Les résultats d’une étude pilote menée en 2016 pour évaluer l’exposition de femmes enceintes à des contaminants environnementaux dans le nord-est de la Colombie-Britannique, région caractérisée par une exploitation intense du gaz naturel par fracturation hydraulique, ont été dévoilés la semaine dernière dans le Journal of Exposure Science & Environmental Epidemiology. L’étude dirigée par Marc-André Verner, professeur à l’École de santé publique de l’Université de Montréal (ESPUM), démontre que les concentrations de certains métaux traces, en particulier le baryum, l’aluminium, le strontium et le manganèse, sont plus élevées dans les échantillons d’urine et de cheveux des femmes enceintes qui ont participé à l’étude que dans la population générale.

«Ce qui nous préoccupe par rapport à ces résultats, c’est qu’une précédente étude a montré que le baryum, l’aluminium, le strontium et le manganèse sont quatre métaux qui se retrouvent en concentrations relativement hautes dans la formation rocheuse Montney, d’où est extrait le gaz naturel par fracturation hydraulique. De plus, d’autres études récentes où a été analysée la quantité de contaminants des eaux usées provenant de la fracturation hydraulique ont généralement révélé de grandes concentrations de ces mêmes métaux», souligne Élyse Caron-Beaudoin, postdoctorante à l’EPSUM et auteure principale de l’étude.

«Il n’est cependant pas possible d’affirmer que la fracturation hydraulique est la source de l’exposition des femmes enceintes à ces métaux, mais grâce à notre étude, nous disposons maintenant d’un indice supplémentaire pointant en ce sens», poursuit-elle.

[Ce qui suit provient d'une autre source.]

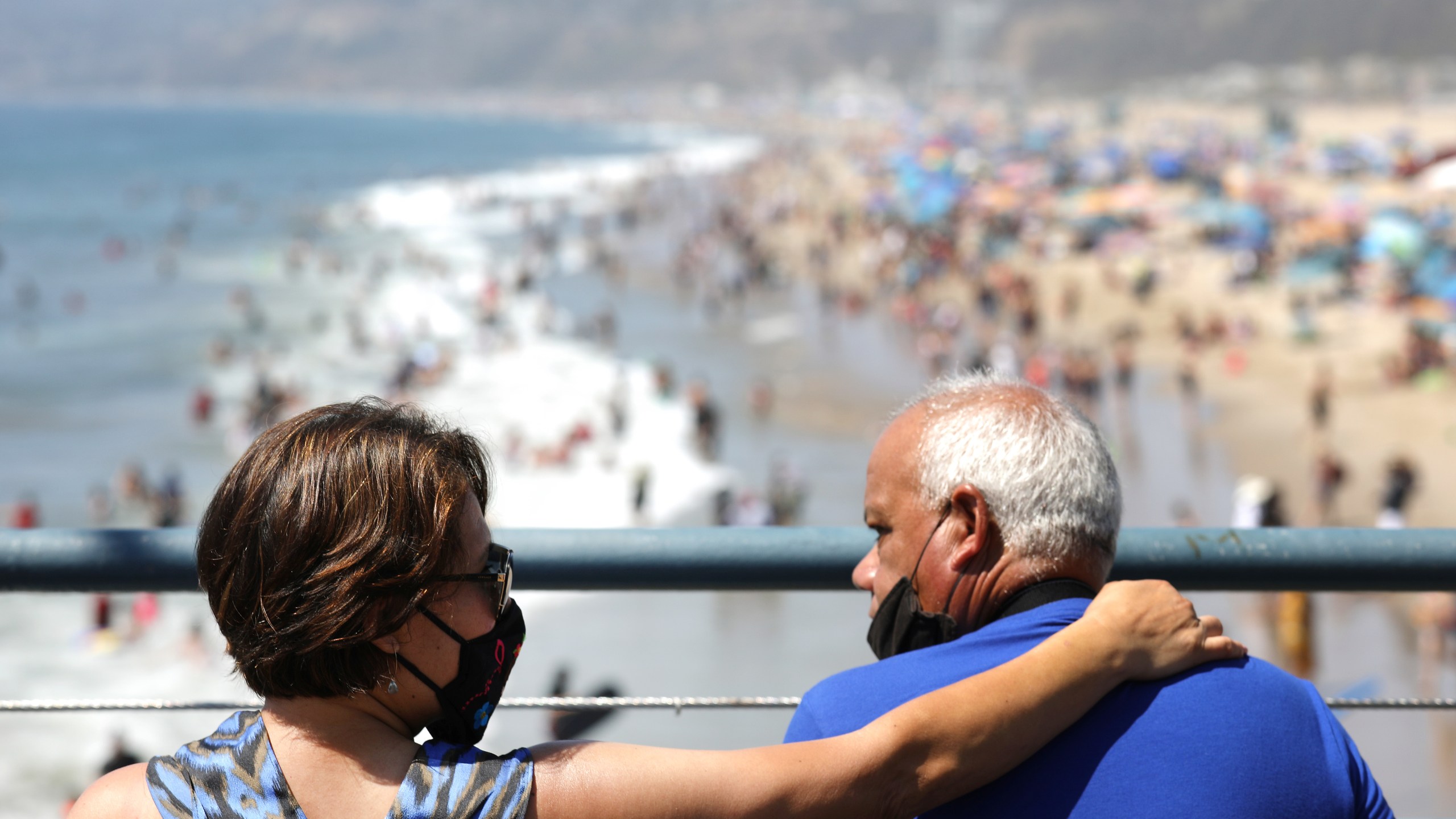 People sit on the Santa Monica pier as others gather on the beach on the first day of the Labor Day weekend on Sept. 5, 2020 in Santa Monica. (Mario Tama/Getty Images)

Des études demandées par les communautés

C’est à la demande de communautés vivant à proximité des sites d’exploitation de gaz naturel que l’étude a été mise sur pied par des chercheurs de l’UdeM en collaboration avec les Premières Nations et les autorités de santé publique de la région. Ces communautés se questionnent sur les conséquences pour leur santé associées au fait de vivre près de telles installations gazières et désirent des réponses claires.

«Pour comparer les concentrations de métaux traces dans les urines et les cheveux des 29 femmes enceintes avec celles mesurées dans l’ensemble de la population, nous avons utilisé les données de l'Enquête canadienne sur les mesures de la santé. Toutefois, pour certains métaux, nous avons dû recourir à des données d’exposition recueillies en France, car ces données n’ont jamais été produites en quantité suffisante au Canada», déplore Élyse Caron-Beaudoin.

Ainsi, les concentrations de manganèse étaient 10 fois plus élevées dans les urines des participantes que dans la population générale. Les concentrations d’aluminium dans les cheveux étaient 16 fois plus élevées chez les participantes, celles de baryum 3 fois plus et celles de strontium 6 fois plus que dans la population de référence (France). De plus, les concentrations de baryum et de strontium dans les cheveux étaient plus grandes chez les participantes autochtones que chez les participantes non autochtones.

Y a-t-il un risque pour la santé?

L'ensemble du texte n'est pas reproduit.